Hospedales, who spoke on a government radio programme “Working for you”, said there is much discussion on the decriminalisation issue and that there have been several times in history where populations and societies have gone very liberal with substances of abuse.
“The Americans are in the middle of a big opioid crisis and some many decades ago they had a huge problem with addiction and especially among white women,” he said.
“We in the Caribbean have a problem with marijuana and clogging up of the courts and the justice system and that's understandable to try and reduce that side effect. I think though, in introducing these kinds of public policies, consideration has to be given to the full range of impact.”
He said said that if marijuana had to be decriminalised, there may be repercussions.
“We don't want that when you've solved the problem so to speak of reducing the burden of the judicial system and the prisons you create a great surge in the increase of mental health admissions for marijuana addiction and other addictions.
“What I think needs to happen is that there should be strong public education concomitant with decriminalisation if government proceeds along that route; also, proper monitoring of impact policies," Hospedales stated.
He added that there are some countries where there are reports by the chief medical officers that they are indeed seeing major increases in admissions for mental health problems associated with marijuana psychosis and increased use.
“So, generally you have to look at the whole thing when making a public policy decision,” he said, adding that research has shown that a significant percentage of young people in the Caribbean already use marijuana even if it is only infrequently.
“The harmful consequences of this are well documented. From mental health to social interactions to occupational opportunities. If you are a young person, it is very bad for your studies and it tends to demotivate a lot of young people.
“I think most Caribbean people are aware of others around us, for example, in our families and among friends, who have not achieved their potential because they have been smoking weed most of their lives or they have a problem with it.”
The CAPHA official said because there is significant medical, social and occupational harm associated with marijuana use, the move to decriminalise it must be taken seriously and if decriminalised there needs to be proper regulation of the substance.
Antigua and Barbuda is the latest Caribbean country to move towards the decriminalisation of marijuana for medicinal purposes.

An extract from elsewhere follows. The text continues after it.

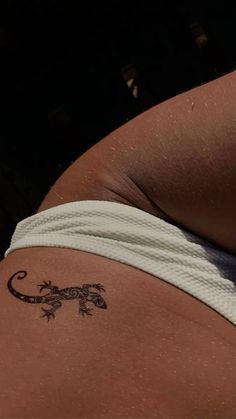 a lizard tattoo on the back of a woman's stomach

But Prime Minister Gaston Browne said the initiative would be undertaken in a controlled environment.
“I want to make it abundantly clear that my government is not advocating the use of cannabis, we are against anything that is smoked.
We do accept, though, on the other hand, that marijuana utilised in different forms has significant medicinal benefits and certainly we'll move pretty quickly to ensure that we legalise the use of marijuana for medicinal purposes,” he said.
The prime minister told Parliament that the government would be pursuing research in that regard and will also be looking to Canada, which has promised to legalise cannabis for recreational use by July.